Ethiopian Foreign Minister Demeke Mekonnen was in Moscow on Wednesday for an official visit and a meeting with his Russian counterpart Sergei Lavrov. Ethiopia and Russia took the opportunity to multiply the signs of friendship, while Addis Ababa is increasingly isolated and put under pressure by the European Union and the United States.
According to Demeke Mekonnen and Serguei Lavrov, Ethiopia and Russia agree on everything: on an exclusively African mediation in the issue of the Great Renaissance Dam, on the indispensable non-interference of the international community in the war in Tigray, on the “satisfactory” character of the Ethiopian elections of last Monday for which Russia had sent observers. And also on the positive role that Moscow can play on the continent, as Addis Ababa will host the next Russia-Africa summit next year.

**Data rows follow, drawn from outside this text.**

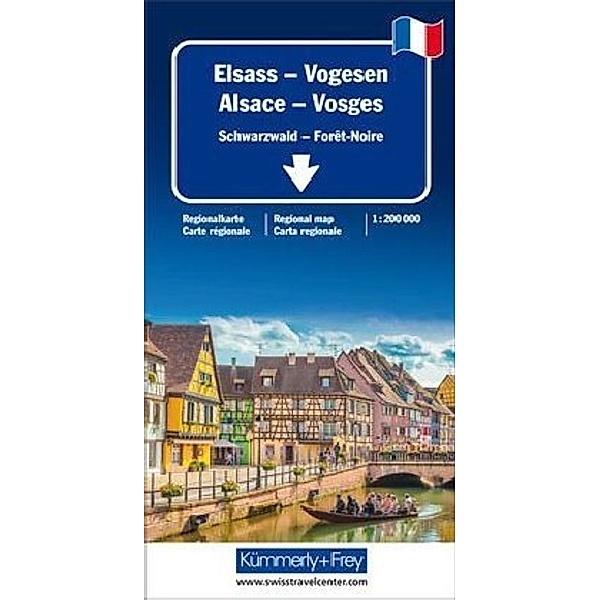 Kümmerly+Frey Reisekarten / Kümmerly+Frey Karte Elsass Vogesen / Alsace Vosges Regionalkarte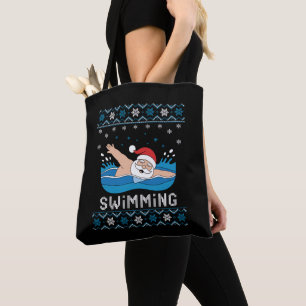 Weihnachtsmann Schwimmender Weihnachten Hässlicher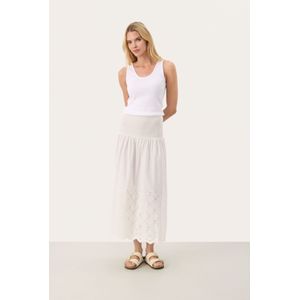 Part Two - RadinkaPW - Rok - Wit - 3/4 Lengte - Normale Pasvorm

This demonstration of friendship is of course a signal sent to the West. Ethiopia, isolated by Europe and Washington because of the crimes committed in Tigray, but also by the Arab League which supports Egypt and Sudan in the dam issue, needs a powerful ally, especially in the Security Council. And Sergei Lavrov has provided it: Moscow, he said, intends to deepen their “cooperation” and their “mutually beneficial coordination in international organizations, first and foremost in the UN, where we actively support each other and propose joint initiatives.
But according to analyst Andrew Korybko of the Russian Council for International Affairs, Russia also serves Ethiopia as a counterweight to China, with which Addis Ababa has strong economic ties. It is better for Ethiopia,” he says, “to preventively balance its potentially disproportionate geostrategic dependence on China with another partner.